Precision Medicine Research Center, Taihe Hospital, Hubei University of Medicine, Shiyan, China.
School of Computing and Electronic Information, Guangxi University, Nanning, China.
BMC Genomics. 2018 Dec 31;19(Suppl 10):912. doi: 10.1186/s12864-018-5272-y.
NGS data contains many machine-induced errors. The most advanced methods for the error correction heavily depend on the selection of solid k-mers. A solid k-mer is a k-mer frequently occurring in NGS reads.

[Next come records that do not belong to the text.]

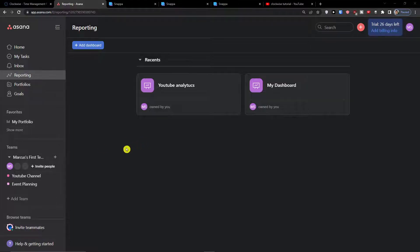Hey there guys, my name is Markus and in this video I'm going to guide you on how you can easily create your own workflow in Asana. I'm going to show you the guide also with automations and how we can make it really effective.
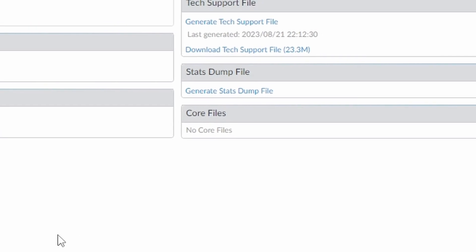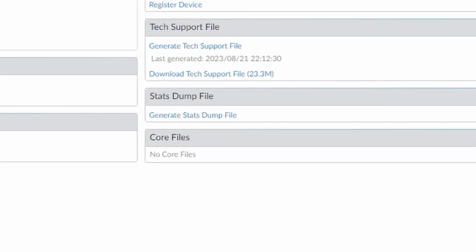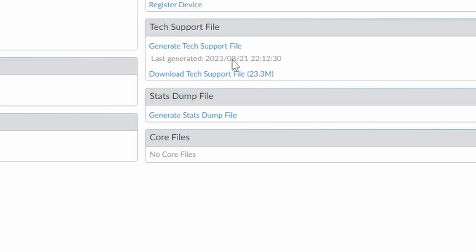So it has been generated, now you can download. You can see that it shows now a link to the download tech support file if it's the first time you're doing it, otherwise it shows the date from the last time you generated the file.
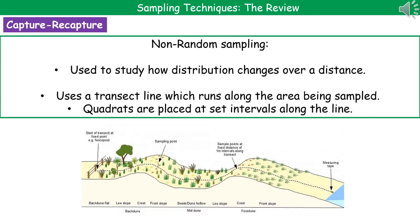Non-random sampling is where we want to study how distribution changes over a distance. What we do is we run a transect line along the area being sampled, so from the seashore up the beach, and then we'll place quadrats at a set interval, say every metre, along that line and record what's present to show us how the plants actually change as you move further from the sea.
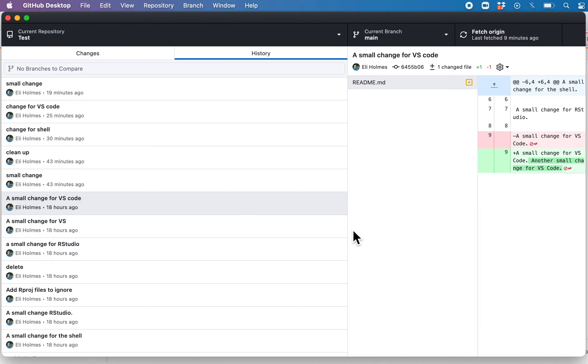I was already logged in to GitHub from my browser, so you can see it was really quick. If you're not logged in through the browser, it'll just ask you to log in. And that's it. You're ready to go.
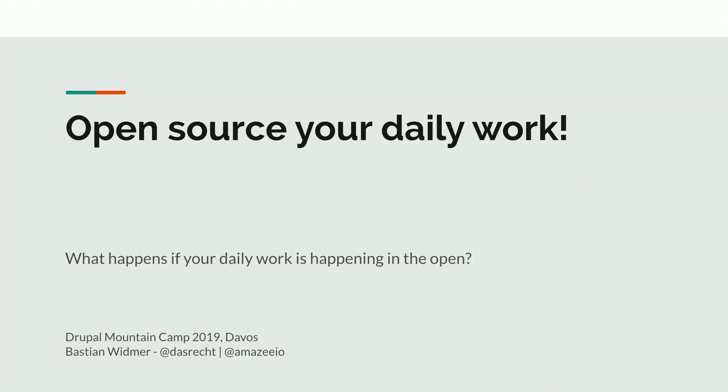And we're recording. Great. Hi, I'm happy to be here. I got contacted like two days ago that some speaker couldn't attend, so they were going through the submissions and were like, hey Bastian, you're anyways registered. Would you like to have a talk? And I was like, yeah sure, we can do that.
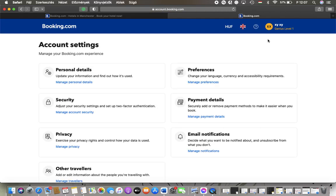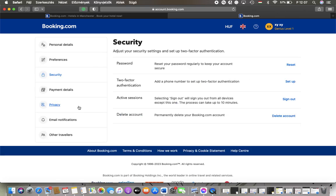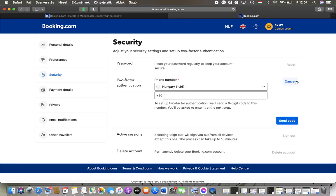After that you should tap on security and tap on this setup button in the two-factor authentication section.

The other k-mers are called weak k-mers. A solid k-mer does not likely contain errors, while a weak k-mer most likely contains errors. An intensively investigated problem is to find a good frequency cutoff f to balance the numbers of solid and weak k-mers. Once the cutoff is determined, a more challenging but less-studied problem is to: (i) remove a small subset of solid k-mers that are likely to contain errors, and (ii) add a small subset of weak k-mers, that are likely to contain no errors, into the remaining set of solid k-mers. Identification of these two subsets of k-mers can improve the correction performance.
We propose to use a Gamma distribution to model the frequencies of erroneous k-mers and a mixture of Gaussian distributions to model correct k-mers, and combine them to determine f. To identify the two special subsets of k-mers, we use the z-score of k-mers which measures the number of standard deviations a k-mer's frequency is from the mean. Then these statistically-solid k-mers are used to construct a Bloom filter for error correction. Our method is markedly superior to the state-of-art methods, tested on both real and synthetic NGS data sets.
The z-score is adequate to distinguish solid k-mers from weak k-mers, particularly useful for pinpointing out solid k-mers having very low frequency. Applying z-score on k-mer can markedly improve the error correction accuracy.
NGS 数据包含许多机器诱导的错误。最先进的纠错方法严重依赖于固体 k-mer 的选择。固体 k-mer 是在 NGS 读取中频繁出现的 k-mer。其他 k-mer 称为弱 k-mer。固体 k-mer 不太可能包含错误,而弱 k-mer 很可能包含错误。一个深入研究的问题是找到一个好的频率截止值 f 来平衡固体和弱 k-mer 的数量。一旦确定了截止值,一个更具挑战性但研究较少的问题是:(i)删除可能包含错误的一小部分固体 k-mer,(ii)将一小部分可能不包含错误的弱 k-mer 添加到剩余的固体 k-mer 集合中。识别这两个 k-mer 子集可以提高纠错性能。
我们提出使用伽马分布来建模错误 k-mer 的频率,使用混合高斯分布来建模正确的 k-mer,并将它们结合起来确定 f。为了识别这两个特殊的 k-mer 子集,我们使用 k-mer 的 z 分数来衡量 k-mer 的频率与平均值的标准差数。然后,这些统计上可靠的 k-mer 用于构建用于纠错的布隆过滤器。我们的方法在真实和合成 NGS 数据集上的测试明显优于最先进的方法。
z 分数足以区分固体 k-mer 和弱 k-mer,特别适用于精确定位频率非常低的固体 k-mer。在 k-mer 上应用 z 分数可以显著提高纠错准确性。